Members of the District 209 Board of Education are outraged by what they perceive as repeated incidents of secretiveness and unaccountability on the part of Board President Chris Welch and Interim Superintendent Robert Libka.
The frustration that emerged when the board majority cancelled a regularly scheduled meeting on July 18 and called a special meeting to fire former Superintendent Greg Jackson without informing other board members of their plans has been magnified by another meeting cancellation and the alleged withholding of documents relating to money spent on the district’s new magnet school.
The document in question, an expense report tracking the usage of the $23.5 million left over from the $40 million bond set aside for the magnet school after the building at 8601 W. Roosevelt was purchased for $16.5 million, was first requested by board member Charles Flowers on Monday, August 8.
Flowers said Libka had given him three separate deadlines for delivery of the report ” Tuesday, Friday, and then last Monday ” but still has not handed it over, leading him to file a Freedom of Information Act (FOIA) request for the documents.
Flowers said that Libka told him he wanted to make some corrections to the reports before releasing them, and that he had requested the original as well as the corrected version.
“These are delay tactics,” he said, “because they know (the reports) will expose them.”
Flowers, as well as other critics of the district’s recent moves, have said that the report proves that the district has less than $1 million remaining from the money. Welch said last week that the number was closer to $7 million, and repeated those claims on his weekly radio broadcast Sunday.
Welch has said that the leftover $7 million would be used for maintenance costs as well as to fund projects including the conversion of several offices at Proviso East into classroom space as administrators move to new offices at the magnet school.
“This project has come in well on schedule and well under budget,” Welch told the Review last week.
The report was allegedly prepared by Jackson along with officials from the school’s business office. According to Flowers, Jackson had been preparing to present the report to the school board before being fired in July.
Flowers said he suspects that Welch plans to blame the discrepancy on mismanagement of funds by Jackson.
“He’s going to say ‘look, we all thought there was $7 million,'” said Flowers. He’s definitely going to try to blame mismanagement, but he’s going to have trouble finding records to support that.”
Even with $7 million remaining, Welch has said that the district had not ruled out the possibility of seeking a referendum in the near future.
Jackson told the board on numerous occasions that the magnet school would not be able to operate for more than a couple years without a referendum.
Another cancelled meeting
Flowers and board member Theresa Kelly both say they experienced a sense of déjà vu when they were informed last Friday that the board would not meet on Monday as scheduled.

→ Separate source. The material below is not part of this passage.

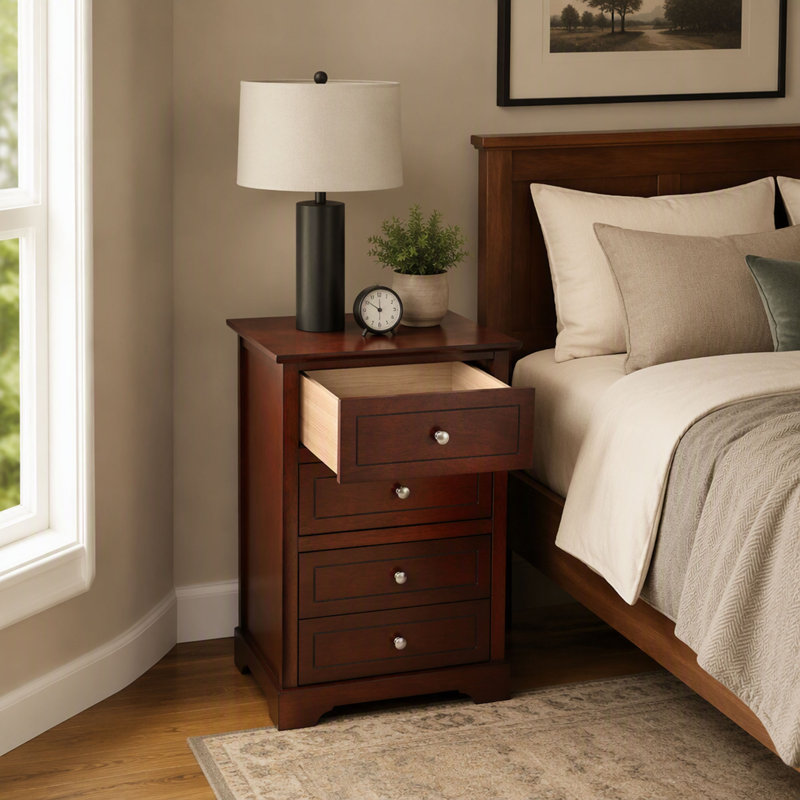 Transitional Cherry Wood Nightstand For Bedrooms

“This puts us right back where we were in July,” said Flowers, referring to the sudden cancellation of a July 18 meeting when the board majority boycotted the meeting, instead arranging a special meeting later in the week to fire Jackson.
The board majority is already under suspicion of an Open Meetings Act violation for that incident. According to Cook County Regional Superintendent Robert Ingraffia, the matter is now in the hands of the Illinois Office of Education.
Board member Theresa Kelly said she received a call from Libka’s secretary Suzie Crain asking her if she was available for a meeting on August 22. She said she told Crain “I’m available for the regular meeting on the 15.”
“I’ve been on the board since ’99 and we never had our meeting dates changed,” she said.
She said that Crain told her that Libka had said several board members would not be available for the meeting. She noted that she knew herself, Flowers, and Gary Marine could attend, so unless all four majority board members could not attend, the meeting would still have a quorum.
“Chris Welch didn’t have his votes, and instead of coming without one of his people he changed the meeting date ” this cannot go on,” she said.
Flowers said that Libka admitted to him that he had been instructed by Welch to change the meeting date, and questioned why a superintendent is deferring to the authority of a board president.
“One person is doing everything and being everybody. The people did not elect Chris Welch to run the board,” said Kelly.
Flowers said he had also objected to a meeting between Welch, Libka and Ingraffia regarding Libka’s status as interim superintendent.
Libka does not have his superintendent’s endorsement from the State, and Ingraffia has told the district that he must step down.
Flowers said that all board members should have been invited for the meeting since they would all have to vote on the hiring of a superintendent.
Flowers said he suspects that the board majority is now plotting to hire another new superintendent without input from the rest of the board.
Welch and Libka could not be reached for comment for this story.